## [Exercise instructions]
Copy out the full listing below as it stands, with its pictures left behind.

## [Data excerpt]
::::::::

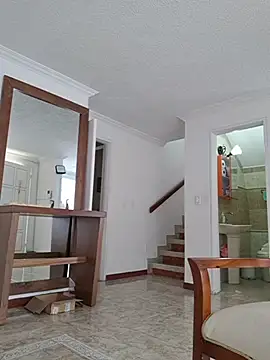 karina warthon online show from February 12, 5:30 pm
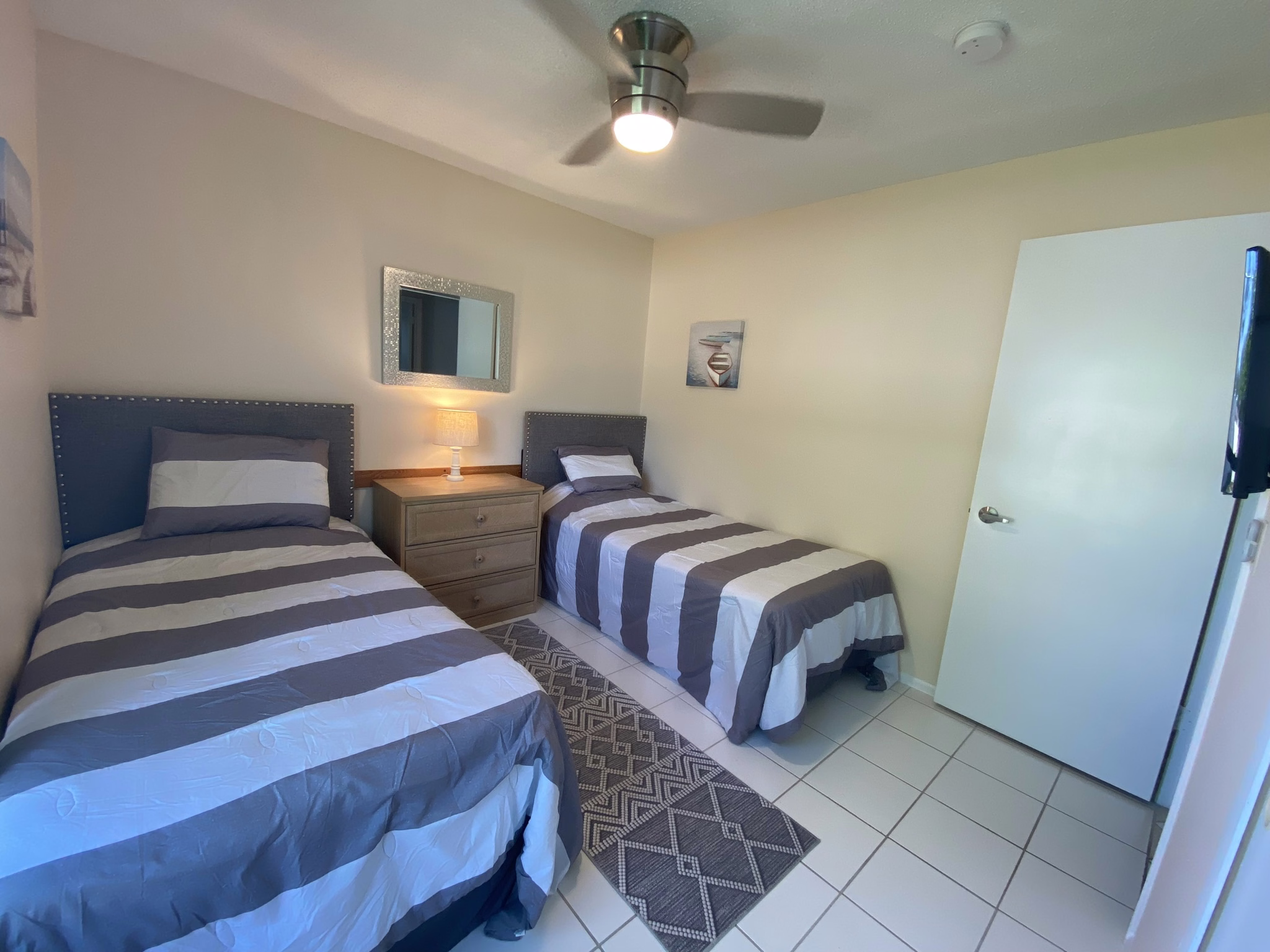Twin bedroom, reverse angle with wall TV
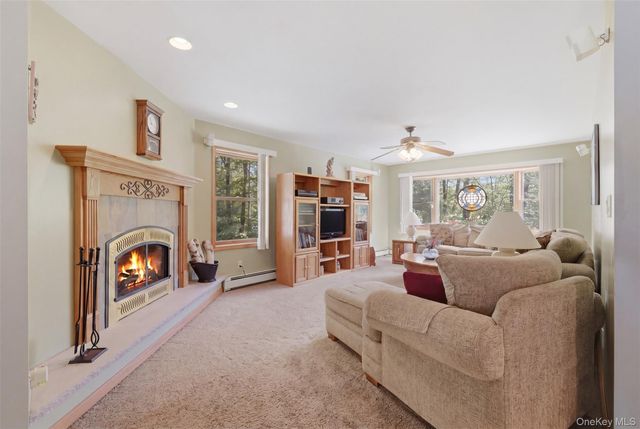 414 Red Hill Rd, Wurtsboro, NY 12790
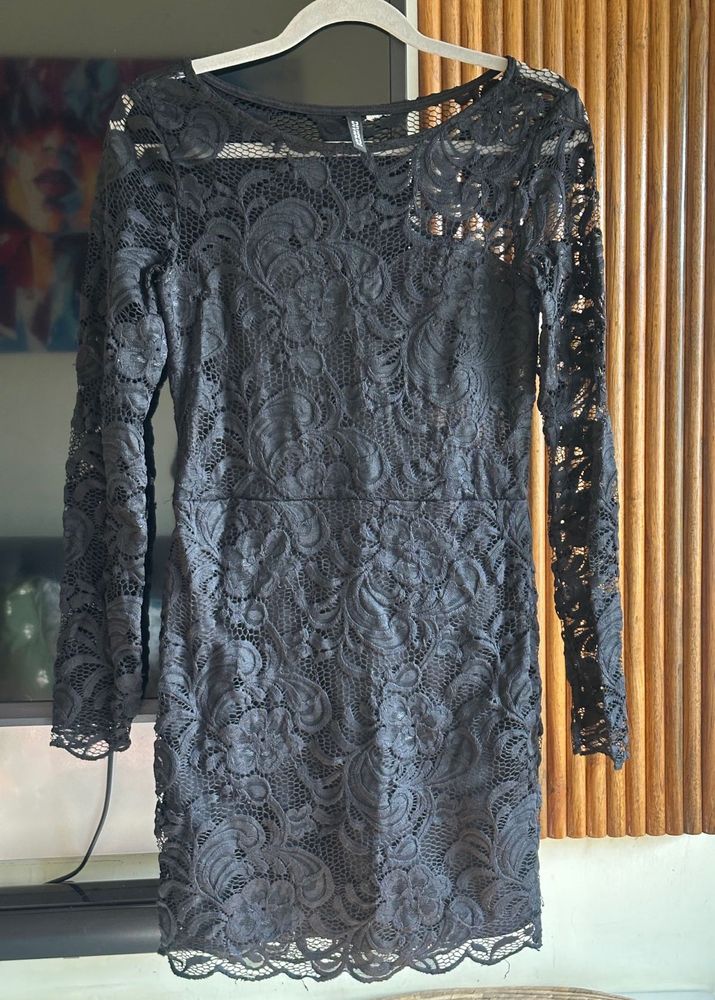 Elegant LBD - Black Lace Dress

::::::::

## [Expected answer]
 karina warthon online show from February 12, 5:30 pm
Twin bedroom, reverse angle with wall TV
 414 Red Hill Rd, Wurtsboro, NY 12790
 Elegant LBD - Black Lace Dress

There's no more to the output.